Important considerations for obtaining high quality signal are sample solubility, matrix selection, ionization characteristics, salt content and purity. Factors affecting data interpretation include quantitation, molecular weight calculation, isotope patterns, calibration/accuracy, sensitivity, and speed.

Quantitation

Do the ion intensities correlate to the relative amounts of each component? MALDI does not provide quantitative information unless the compound has been calibrated against an internal standard. ESI provides some quantitative information based on external calibration but internal calibration is more accurate. Following are some factors that affect the ability of a mass spectrometer to perform quantitative measurements:

• Averaging: More averaging results in fewer errors associated with random noise
• Quantity of material: common sense
• Dynamic signal range: ion traps have small dynamic ranges. Quadrupoles and TOFs have much larger range.
• Ionization technique: ESI’s stable signal provides better quantitation then MALDI.
• Compound’s functional groups: Functional groups on a molecule can drastically affect the ionization properties. For instance, an amine will pick up a proton far more efficiently than an amide. Therefore in order to obtain good quantitative data an internal standard with comparable ionization characteristics is desirable.
• Choice of internal standards: An internal standard with comparable ionization characteristics to the compound of interest allows for consistent relative signal stability. The best choice is an isotopically labeled internal standard.
• Consistent sample handling: common sense

Ability of a molecule to become ionized is closely related to its functional groups. The best quantitation is obtained when a compound is calibrated against an internal standard similar to the molecule in question.

Calculating Molecular Weight

There are 3 different ways to calculate mass from molecular mass formula. Each is used for a specific reason.

1. Monoisotopic Mass: The mass of an ion is calculated using the exact mass of the most abundant isotope. Monoisotopic mass is used when the individual are distinguishable.
2. Average Mass: The mass of an ion calculated using average atomic weight of all the isotopes. Used when individual masses are not distinguishable.
3. Nominal Mass: The mass of an ion is calculated using integer mass of the most abundant isotope. e.g. C13, N14, etc.

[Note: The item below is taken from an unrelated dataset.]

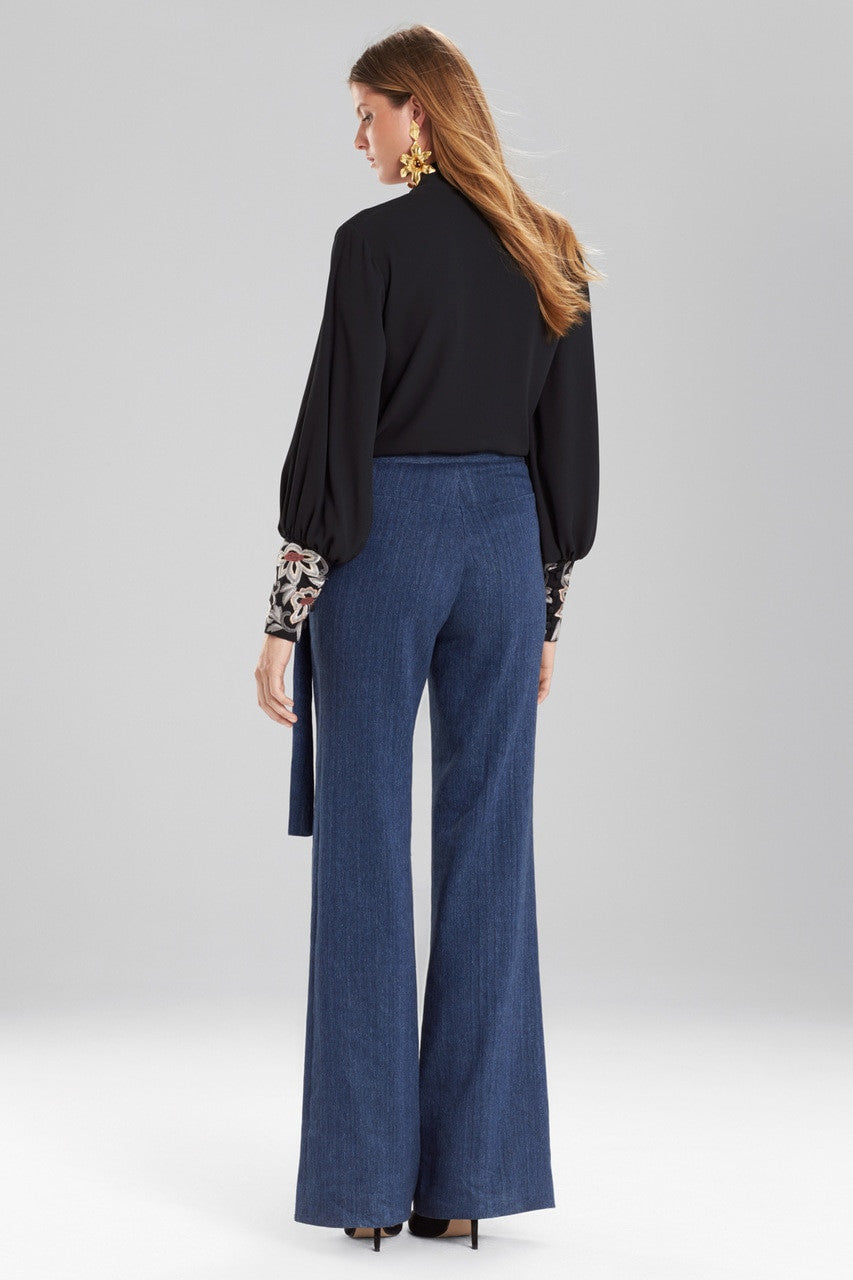 Solid Silky Soft Tie Neck Blouse With Embroidery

Nominal mass is not used very often.

The resolving power of a mass spectrometer is very important in calculating mass of a molecule.

Isotope Patterns

Isotope patterns can be a great source of information. The spacing of isotopes indicate the charge state. ½ spacing = 2+ charge state, 1/3 spacing = 3+ charge state. Certain elements have distinct isotope patterns which help in identifying them.

Solubility

Sample solubility is absolutely critical in obtaining quality data. The solvent of matrix allows the sample to be transformed to gas phase, thus playing a critical role in ionization.

Timing

Analyzing the sample ASAP after it has been prepared is important, as it is quite common for compounds to decompose or even react with the solvent in a relatively short time. A problem associated with hydrophobic compound is loss of the sample to the container’s surface.

Calibration/Accuracy

Protein identification depends on accuracy of mass measurements. For high accuracy, it is often necessary to have an internal standard present or at least some reference compound. Standard compounds are used to calibrate a mass spectrometer’s mass analyzer with respect to how it measure m/z. Calibration is generally performed using a standard mixture, such as PPG, that generates a reliable source of known ions that cover the mass range of interest.

It is important to distinguish between internal and external calibration. External calibration refers to the instrument being calibrated followed by analysis without the present of a calibrant. Internal calibration refers to analyses that are performed with a calibrant present to improve accuracy.

Sample purity

Sample purity maximizes sensitivity. MALDI samples can be cleaned and desalted with ZipTip or a droplet of cold water. Dialysis for ESI.

Sensitivity/Saturation

If too little sample is used, the instrument will be unable to detect a signal. Too much sample can skew the intensity profile of the ions. Higher concentrations can also amplify the effects of impurities. It is important to be within the correct range of your instrument.

Ionization characteristics

The types of functional groups on a molecule will often determine how a compound should be analyzed.